La Moldavia continua a trovarsi in una situazione politica critica. A distanza di tre mesi dall’arresto per corruzione di uno dei leader storici del Parlamento, Vlad Filat, avvenuto il 15 ottobre, è ancora infruttuoso il tentativo di superare il ruolo degli oligarchi e dei gruppi di potere più consolidati. Ion Sturza, candidato premier con un programma pro-europeo orientato al contrasto della corruzione, si è presentato per la fiducia il 4 gennaio e ha trovato una Camera senza numero legale, con 47 deputati presenti su un totale di 101.

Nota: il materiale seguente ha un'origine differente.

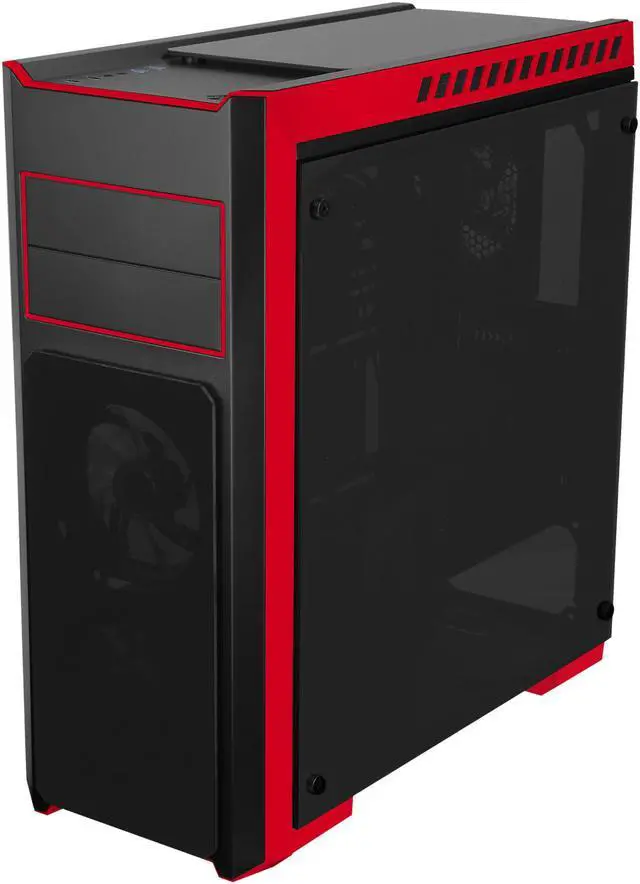 Alt view image 9 of 14 - DIYPC DIY-TG8-BR Black/Red Dual USB3.0 Steel/ Tempered Glass ATX Mid Tower Gaming Computer Case w/Tempered Glass Panels (Front, Top and Both Sides) and Pre-Installed 3 x Red 33LED Light Fan
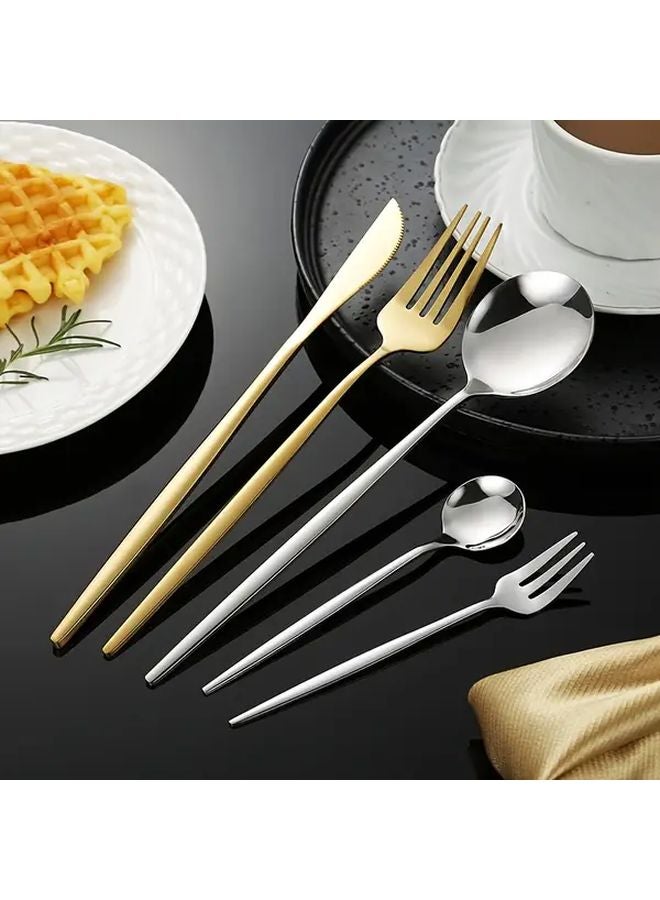 20 Piece Gold Mirror Polished Stainless Steel Tableware Set For Home Hotel Banquet - Image 4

Il mese di dicembre era trascorso con grandi discussioni tra un’area di oligarchi e un’area politica ancora in formazione, entrambe trasversali nei partiti anche pro-europei, tanto produrre una scissione persino nel partito comunista (21 parlamentari, di cui 14 scissionisti pro-europei) e nel partito liberale, che ha visto il distacco di una formazione guidata dall’ex-primo ministro Iurie Leancă. Il 21 dicembre, il presidente moldavo Nicolae Timofti aveva attribuito l’incarico di primo ministro a Ion Sturza, che ha costituito una squadra di governo tecnico-politica indipendente da partiti e oligarchi.

Quattordici parlamentari si erano allora rivolti, con esito negativo, alla Corte costituzionale per chiedere se il presidente della Repubblica avesse la discrezionalità di nominare un primo ministro senza un consenso preliminare dei partiti. Alle spalle vi era l’esplicito tentativo di far nominare Vladimir Plahotniuc, oligarca con molte risorse economiche e legami con Mosca, capace di influenza orizzontale nei partiti e in Parlamento. Il fallimento del 4 gennaio ha dato ragione ai gruppi più tradizionali e agli oligarchi, e non a caso l’ambasciatore statunitense James D. Pettit aveva lamentato il giorno successivo l’irresponsabilità del parlamento.

In un’intervista del 2 gennaio l’ambasciatore Petitt aveva indicato nella corruzione il primo problema della Moldavia. Il candidato premier Ion Sturza aveva detto che occorreva per la Moldavia un cambiamento simile a quelli di Mani Pulite nell’Italia degli anni Novanta e delle inchieste in Romania degli anni più recenti.

Sullo sfondo permane l’effetto di destabilizzazione seguito alla sottrazione di un miliardo di euro dalle casse pubbliche (parti all’8% del PIL moldavo) avvenuto in confusi passaggi bancari, come raccontato su Formiche.net. Ne sono seguite grandi manifestazioni di piazza, richieste di nuove elezioni generali condivise dai partiti filo-russi, come il recente partito personale (Il Nostro Partito) di Renato Usatîi che nelle elezioni comunali del 4 giugno è riuscito a farsi eleggere sindaco di Bălți, seconda città del Paese. Il 26 novembre la polizia moldava aveva annunciato di aver arrestato 13 persone che avevano in animo di attaccare alcuni edifici statali proprio a Bălți con obiettivi separatisti sul modello del Donbass.

Se entro il 29 gennaio non si riuscirà a dar vita a un nuovo governo, il presidente della Repubblica dovrebbe sciogliere il Parlamento e indire nuove elezioni, che avverrebbero in un clima di forte tensione geopolitica.